**DATA TO EXAMINE**
------

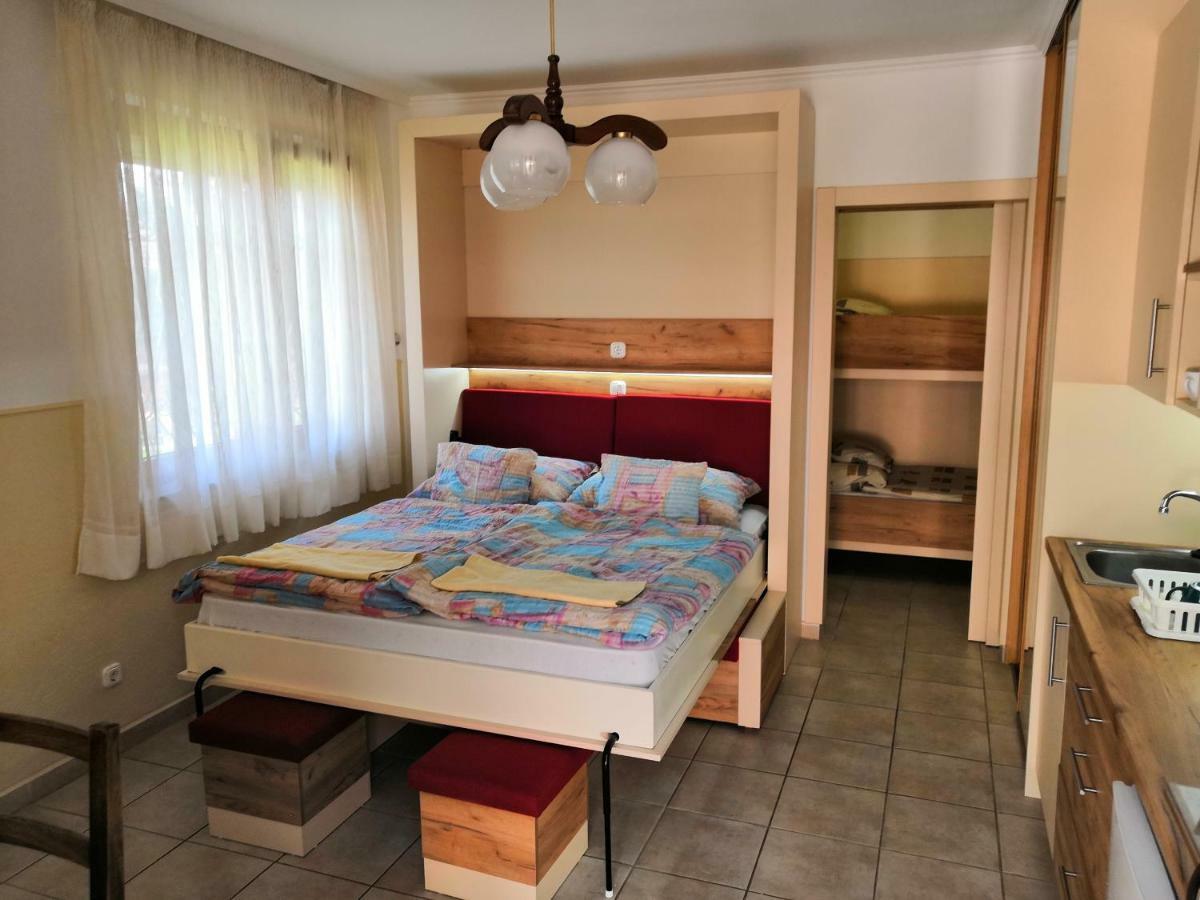 Aqua Azur Apartman Hajdúszoboszló Eksteriør billede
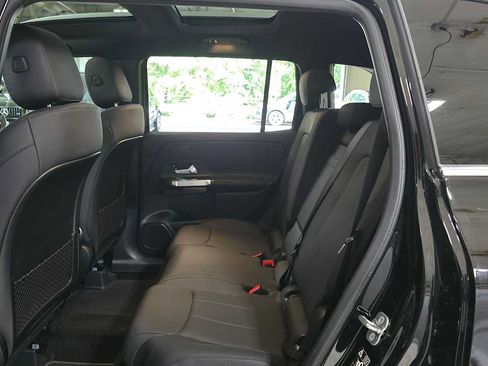 Certified 2026 Mercedes-Benz GLB 250 4MATIC image 17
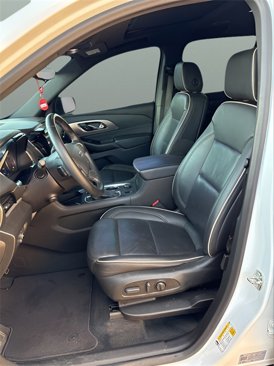 Used 2023 Chevrolet Traverse Premier w/ Redline Edition image 10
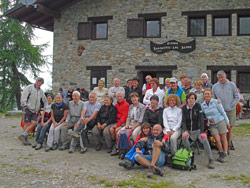 Il CAI Verbano in Val d’Aosta nel Parco Naturale del Monte Avic: foto di gruppo al Rifugio Barbustel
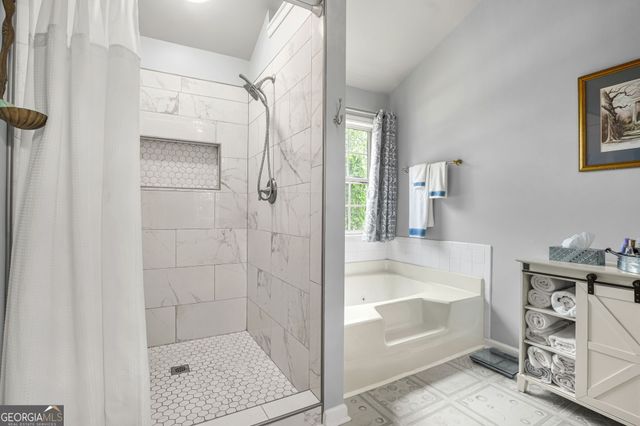 220 Cedarhurst Road, Lawrenceville, GA 30045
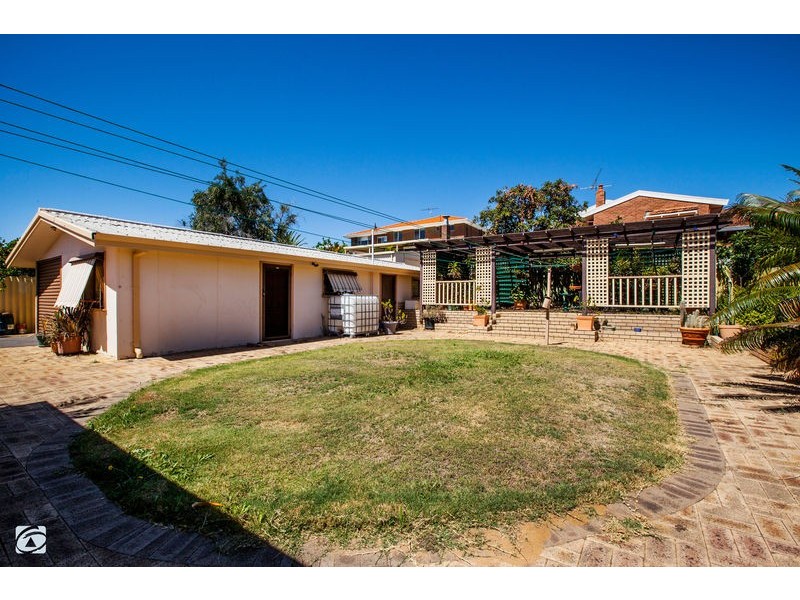 17 Duffield Avenue, Beaconsfield WA 6162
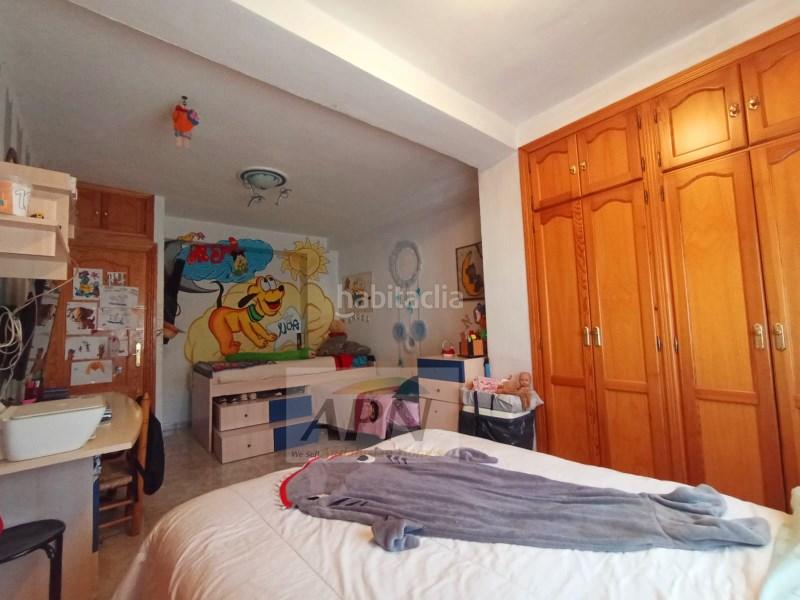 Foto adbf299f-a6ee-4650-9ce3-39660357b2f1. Casa adossada a Álora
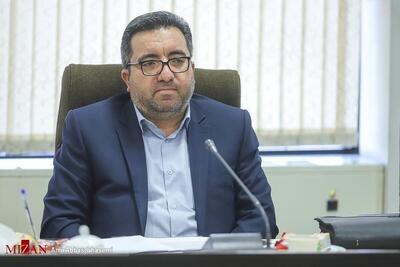 بازدید میدانی رئیس سازمان ثبت اسناد و املاک کشور از سامانه‌های الکترونیکی و استمرار خدمت‌رسانی به مردم
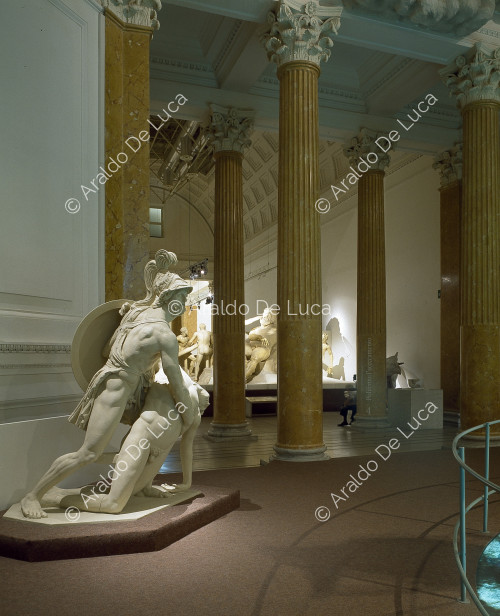 Menelao sostiene il corpo senza vita di Patroclo (Ricostruzione del gruppo statuario)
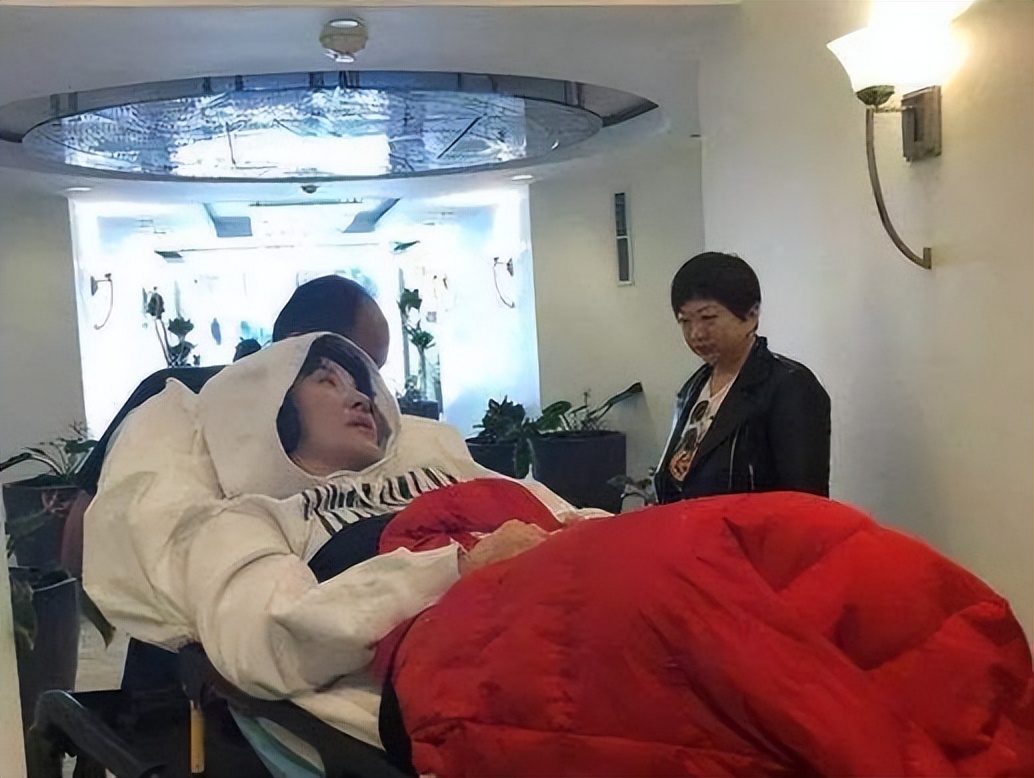 从红极一时到落魄的女星,从爆红到无人问津的歌手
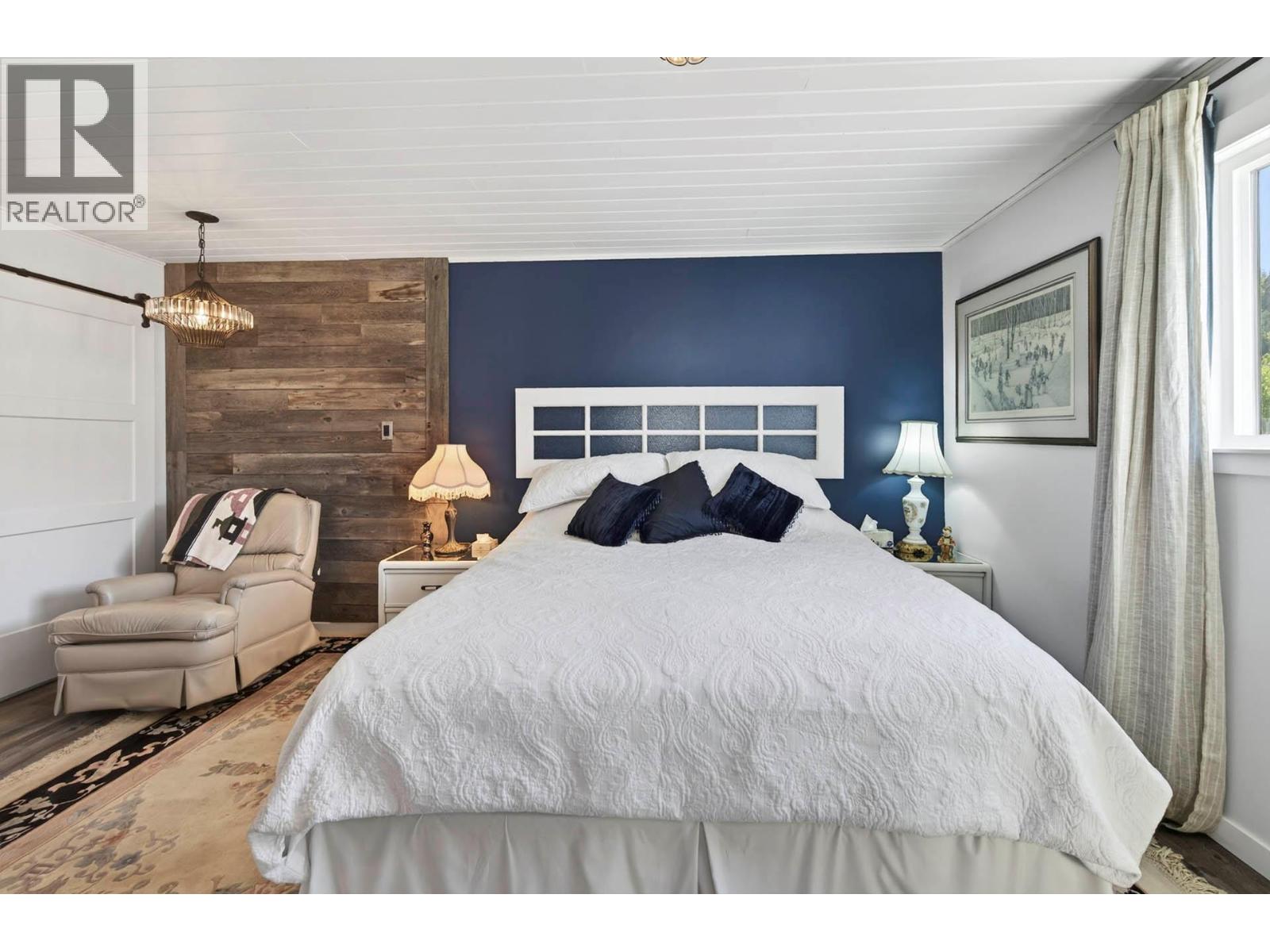 1301 FIR Avenue - 24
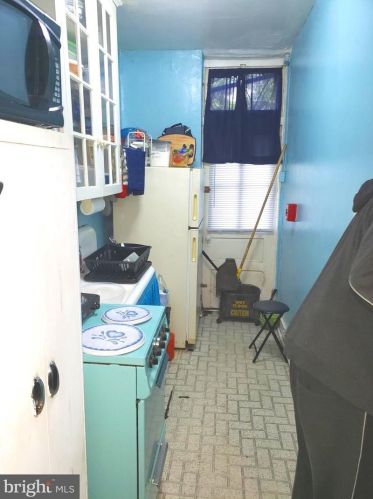 7345 Limekiln Pike, Philadelphia PA 19138-1335 exterior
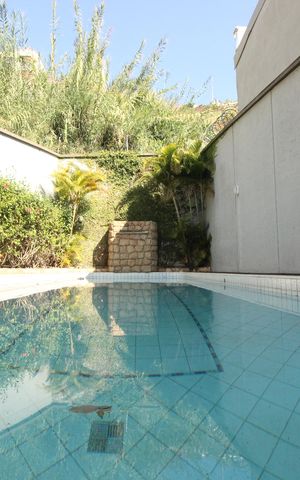 Casa à venda com 268m², 4 quartos e 4 vagasPiscina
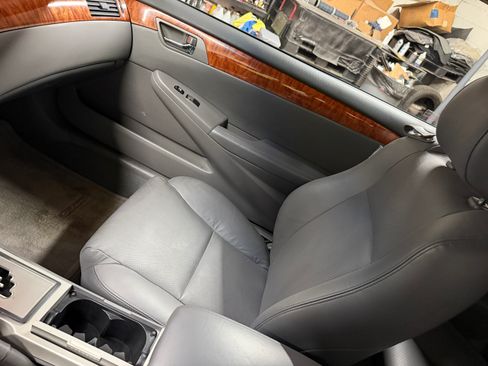 Used 2008 Toyota Solara SLE Convertible FWD image 13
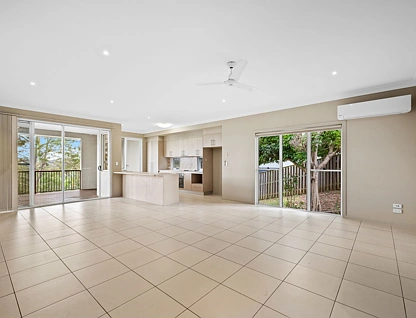 61 Brookwater Drive, Brookwater, Ipswich - Greater Region, 4 Kuwarto, 2 Banyo, House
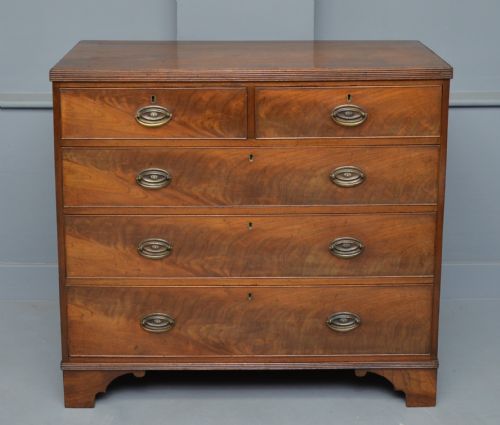 GEORGIAN FLAME MAHOGANY CHEST OF DRAWERS - ADDITIONAL PHOTO 2
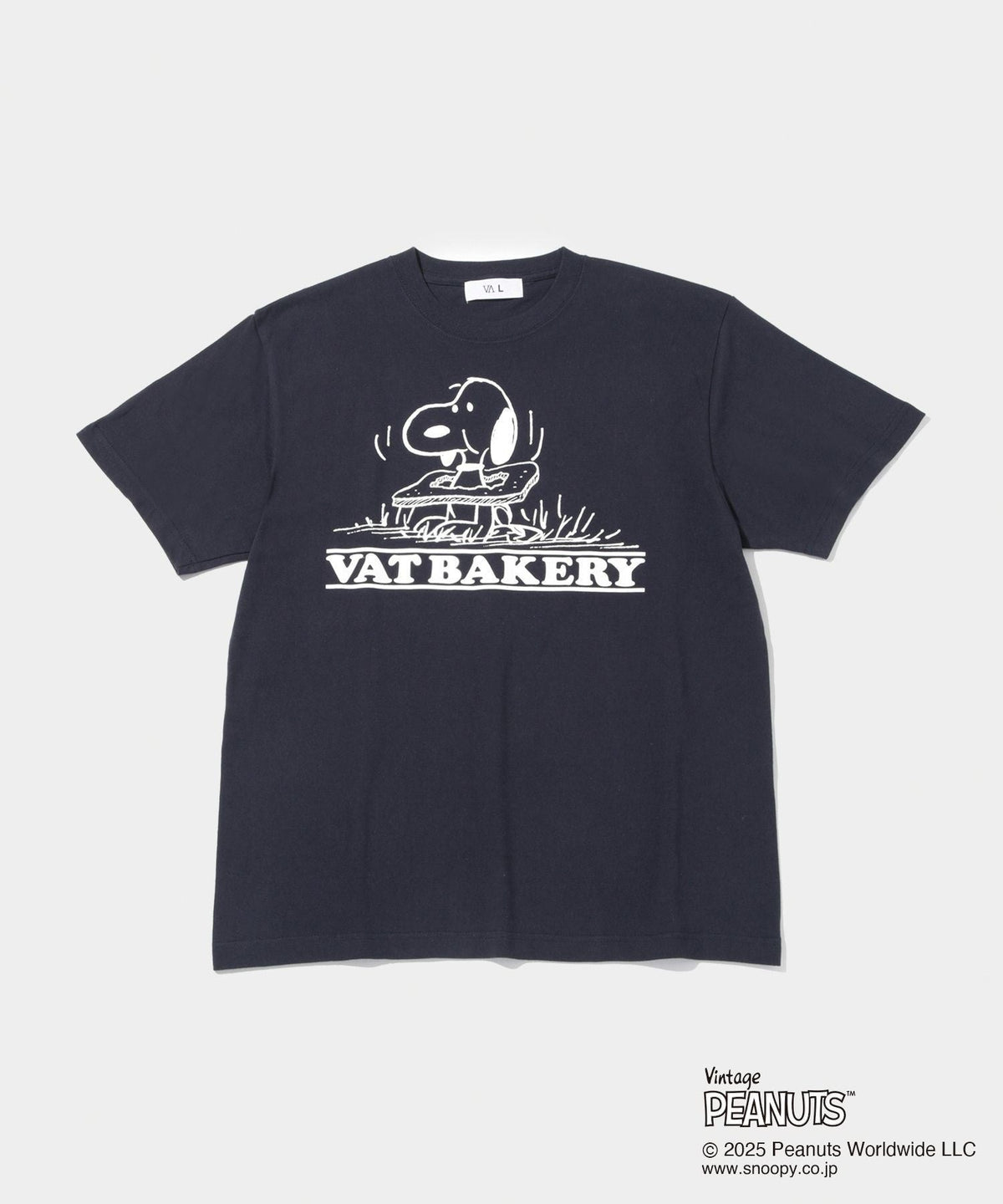 VAT BAKERY PEANUTS S/S Tee- V.A. ONLINE STORE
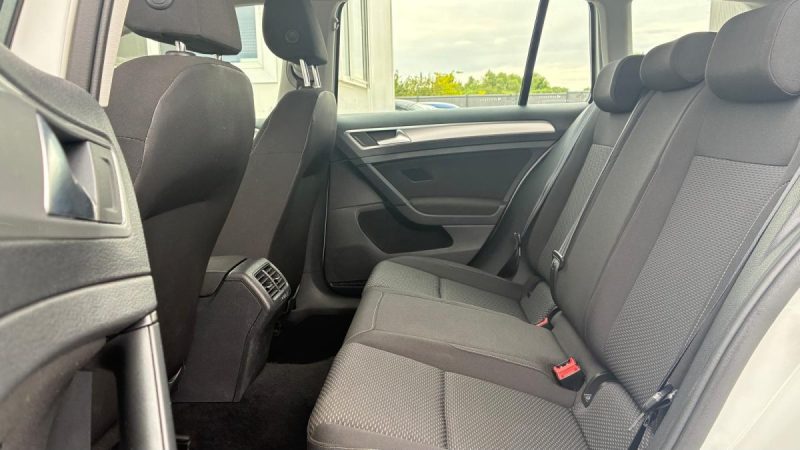 Volkswagen Golf VII 1.6 TDi 115ch BlueMotion Technology Confortline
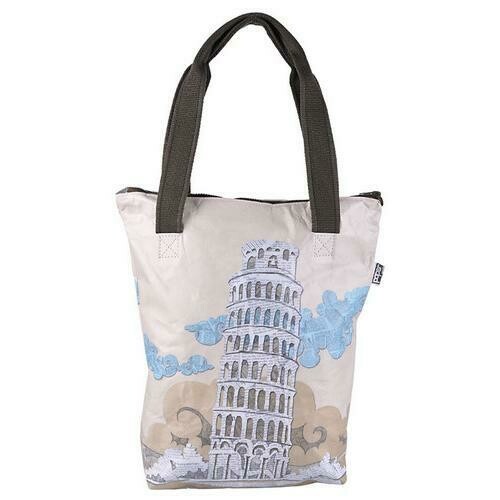 Pisa In Love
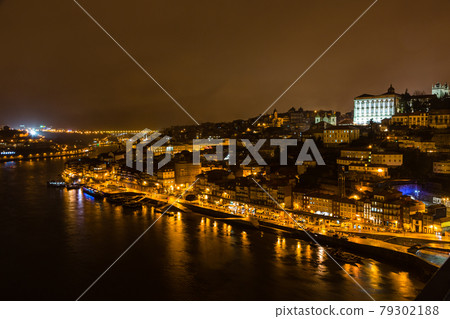 從葡萄牙波爾圖的唐路易斯一世橋看老城區的夜景 從葡萄牙波爾圖的唐路易斯一世橋看老城區的夜景 79302188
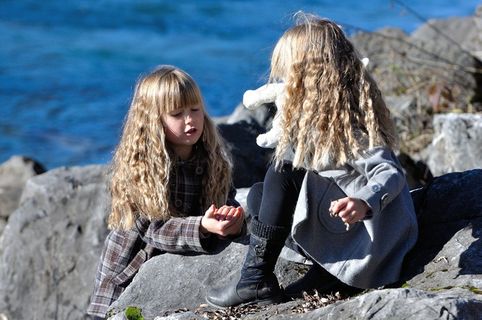 儿童，女孩，金发，河，石头，自然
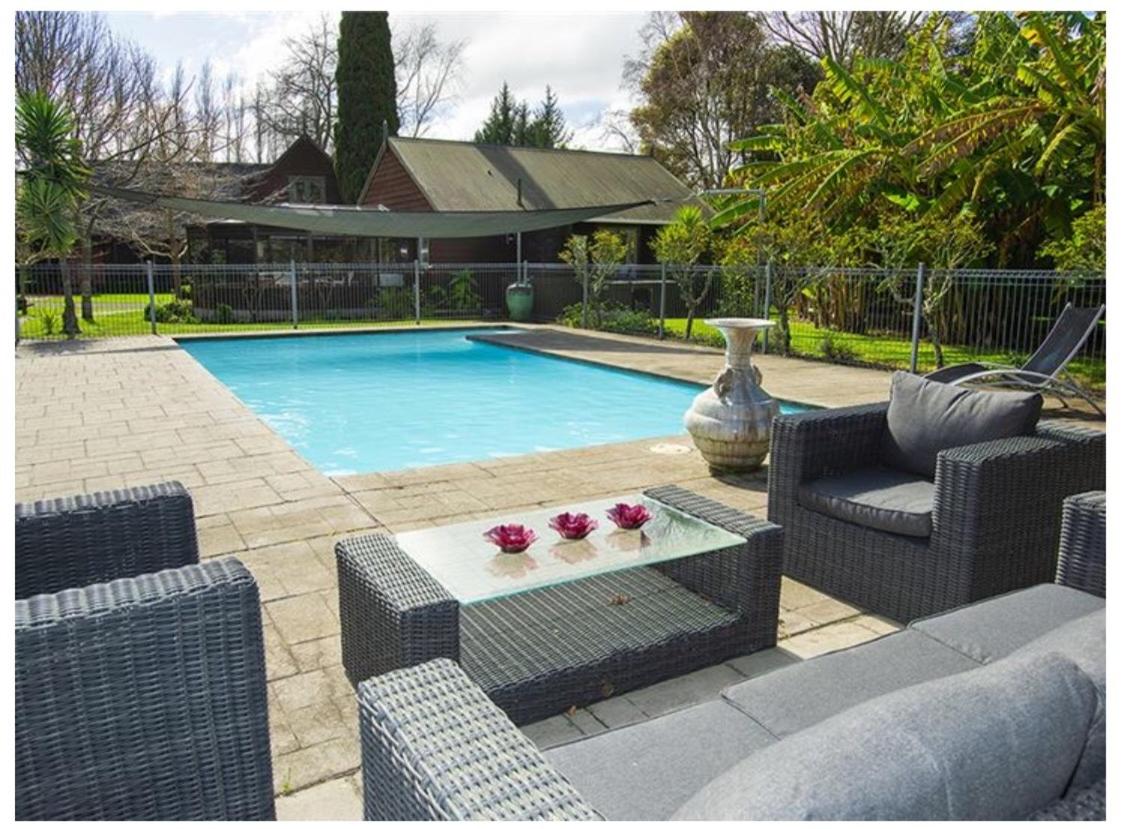 La Frontiere Boutique Accommodation view 5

------

**ASSIGNED TASK**
Please leave out the pictures while you copy exactly the lines from the one containing "GEORGIAN FLAME MAHOGANY" through the end of the records.

**RESPONSE AREA**
 GEORGIAN FLAME MAHOGANY CHEST OF DRAWERS - ADDITIONAL PHOTO 2
 VAT BAKERY PEANUTS S/S Tee- V.A. ONLINE STORE
 Volkswagen Golf VII 1.6 TDi 115ch BlueMotion Technology Confortline
 Pisa In Love
 從葡萄牙波爾圖的唐路易斯一世橋看老城區的夜景 從葡萄牙波爾圖的唐路易斯一世橋看老城區的夜景 79302188
 儿童，女孩，金发，河，石头，自然
 La Frontiere Boutique Accommodation view 5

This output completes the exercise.